Dutch giant Heineken NV reported a sharp decline in profit and announced plans to cut spending, citing disappointing sales from British assets acquired last year.
Heineken said today that net income for 2008 fell 74 per cent to €209 million ($263 million), hurt by €757 million of charges related to writedowns of British, Russian and UK assets.
The former Scottish & Newcastle units, whose brands include Cork city-based Beamish Crawford and account for a quarter of Heineken's sales, had "lower-than-expected profits," chief executive officer Jean Francois van Boxmeer said by phone.
The Competition Authority gave Heineken NV permission to take over Beamish and Crawford last October following an inquiry that lasted six months.
The UK beer market shrank by 5.5 per cent last year, hurt by a pub smoking ban and higher taxes, and has worsened as the nation slides into recession.
"They paid too much for S&N," Gerard Rijk, an analyst at ING in Amsterdam, said before the results. "They need to take action to fight the crisis."
Heineken didn't give any forecast for full-year profit growth. "I don't have a crystal ball," van Boxmeer said.
Excluding acquisitions and the charges, earnings before interest and tax rose 8.7 per cent, less than 2007's 20 per cent increase. Sales rose 27 per cent to €14.32 billion. The quantity of beer sold, excluding acquisitions, gained 3.6 per cent.
That beat Heineken's previous target of at least "mid-single digits" percentage growth.
The brewer will focus on cost-cutting "everywhere in the company" as it no longer expects the S&N deal to add to earnings per share by 2012, as originally planned.
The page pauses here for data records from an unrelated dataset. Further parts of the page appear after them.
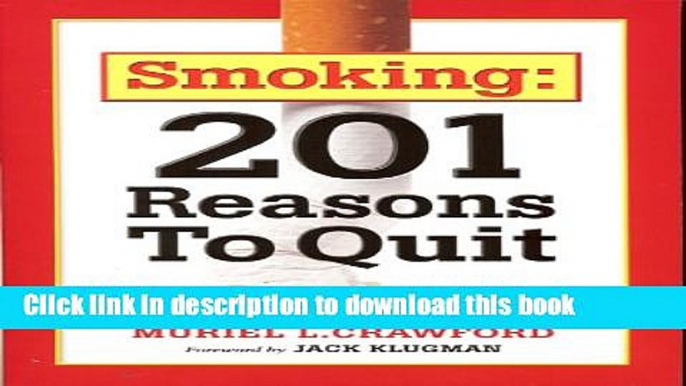 [Popular] Smoking: 201 Reasons to Quit Kindle Collection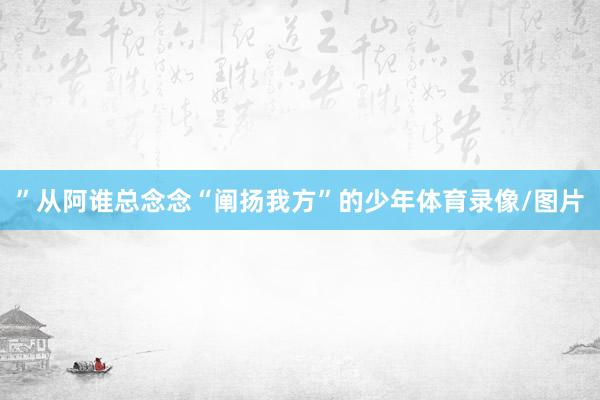 ”从阿谁总念念“阐扬我方”的少年体育录像/图片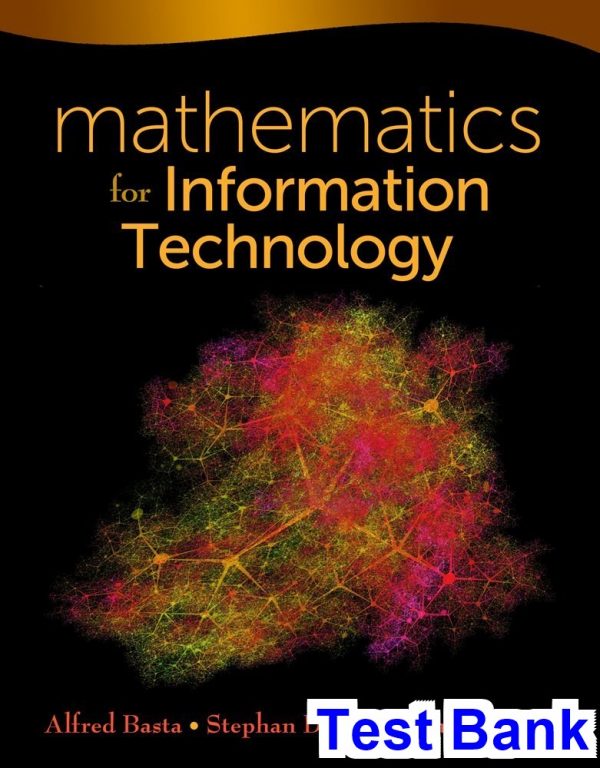 Mathematics for Information Technology 1st Edition Basta Test Bank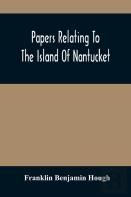 Papers Relating To The Island Of Nantucket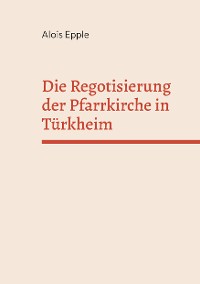 Cover Die Regotisierung der Pfarrkirche in Türkheim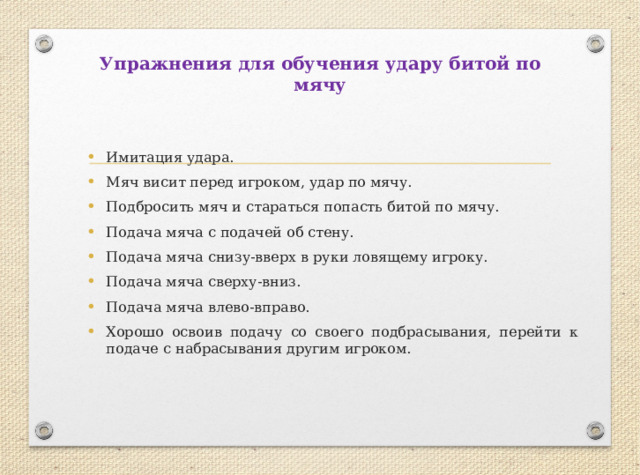 Упражнения для обучения удару битой по мячу Имитация удара. Мяч висит перед игроком, удар по мячу. Подбросить мяч и стараться попасть битой по мячу. Подача мяча с подачей об стену. Подача мяча снизу-вверх в руки ловящему игроку. Подача мяча сверху-вниз. Подача мяча влево-вправо. Хорошо освоив подачу со своего подбрасывания, перейти к подаче с набрасывания другим игроком.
Cost savings from the acquisition have reached 40 million euros so far.
"One thing that all the brewers have in common is the prospect of material cost savings," Investec analyst Anthony Geard said in an e-mailed note.
The Dutch brewer and rival Carlsberg A/S split up Scottish & Newcastle in a deal worth about $15 billion last year, with the Danish company getting the Russian assets.